May 4, 1933 – letter to A.D.R.

Your good letter came yesterday, and needless to say I’m tickled to hear that you aren’t sitting in the fig-tree, that you are all alive and well, and that the Wolf is house broken (Oh, most admirable phrase!)

October 4, 1932 – letter to A.D.R.

I have so much catching up to do that I’m not even going to try! Someday, though, I’ll tell you the things that have been happening—the curious, joyous upheavals my life has undergone, and the gipsy-like ways I’ve been living, and so on.

May 31, 1932 – letter to A.D.R.

I’m relieved about You, at least, through your last grand letter, although the news about B.R. is anything but good, certainly. I don’t know what to say about that, so I won’t say anything.

And there WAS some good news, wasn’t there? It sounds to me as if the little gods were smiling for a change on the desert. I’m quite thrilled over that. Also, it’s good—damn good—to hear that P. is nearly through. What happens after that? “And Life Goes On,” I suppose. Funny old life, isn’t it? A very devil of a complex circular affair.

March 1932 – letter to A.D.R.

You really needn’t feel so ashamed of yourself in the matter of correspondence, since you surely didn’t owe me much of a letter, judging by my last two or three!

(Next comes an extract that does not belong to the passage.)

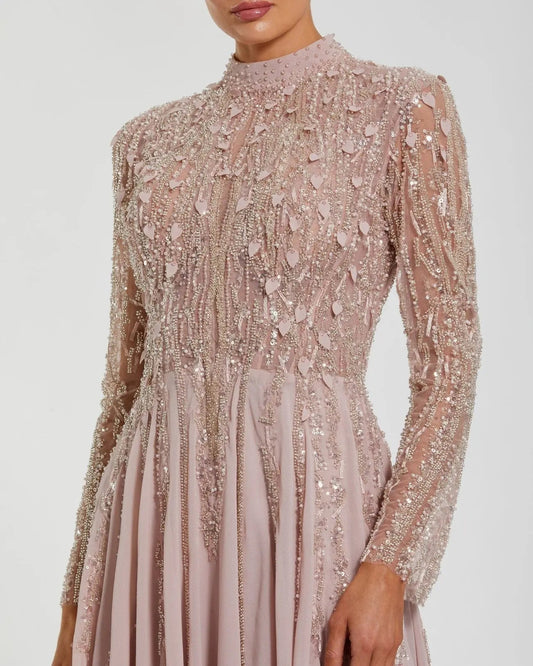 Light Purple Embellished Long Sleeve Gown with Slit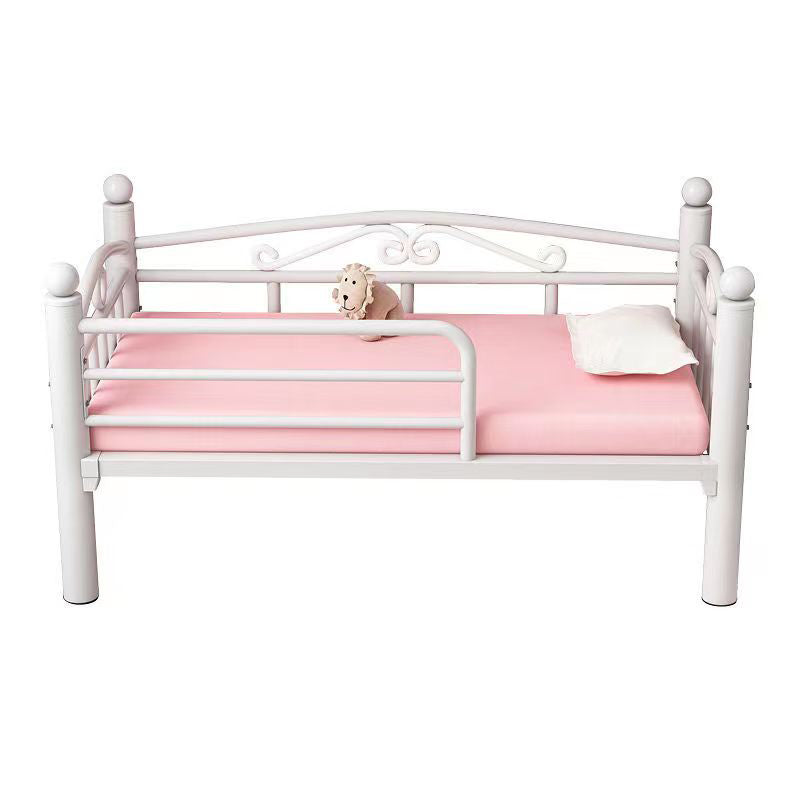 Metal Nursery Crib White Industrial Nursery Bed with Guardrail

You are right when you surmise that I have been rushed and busy—more so than ever, since the beginning of 1932. My life is getting almost crowded, in fact. The job, of course, takes eight hours a day straight out, and everything else has to be jammed into the fringes. Since I can’t satisfy mind, soul, or body with the job, I have to jam into the fringes almost as much as another person would put into an entire day.

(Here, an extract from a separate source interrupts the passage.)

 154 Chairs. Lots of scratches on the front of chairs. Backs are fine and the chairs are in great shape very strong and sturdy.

Dec. 22, 1931 – letter to A.D.R.

I’m not sending any cards, either, so that’s all right. Christmas doesn’t really exist this year, anyhow. Six to ten million human beings unemployed and suffering, and the weather messy and warm and rainy, and nobody with you whom you love—well, it just isn’t, that’s all. I’m damned if I’ll send any cards!

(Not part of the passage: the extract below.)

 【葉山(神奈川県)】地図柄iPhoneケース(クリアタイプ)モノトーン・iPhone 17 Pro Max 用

Nov. 1931 (approx.) – letter to A.D.R.

Really, you are too unsubtle for words! As if I could write out such an event! As if there were any words that could convey the tiniest fraction of it! Oh, well, we dense human beings must have words, I suppose.

October 5, 1931 – letter to A.D.R.

Your letter comes at the end of a day so atrociously busy and hustled that I simply cannot tap a key on the dratted machine; but I want to answer it right away, because I liked it so much; furthermore, since I don’t ever have air-mail envelopes on hand, it behooves me at least to be more or less prompt with my ordinary ones! Forgive the ___________ [line drawn in the shape of a shallow bell curve] effects: I am unspeakably tired, and my handwriting, as you know, doesn’t amount to much at the best of times.

August 20, 1931 – letter to A.D.R.

I was glad to have heard from you at last. Of course, I realized that you couldn’t be writing letters; the only trouble being that I worry about you.

After reading your letter three or four times, I felt pretty sure that you were feeling better about B.R. You didn’t dare to say so in so many words, and I don’t blame you—but still, there it is, isn’t it? I was also awfully glad to realize, by your quotations from his letters, that he still has plenty of his own sense of humor, and that nothing can alter that.

July 14, 1931 – letter to A.D.R.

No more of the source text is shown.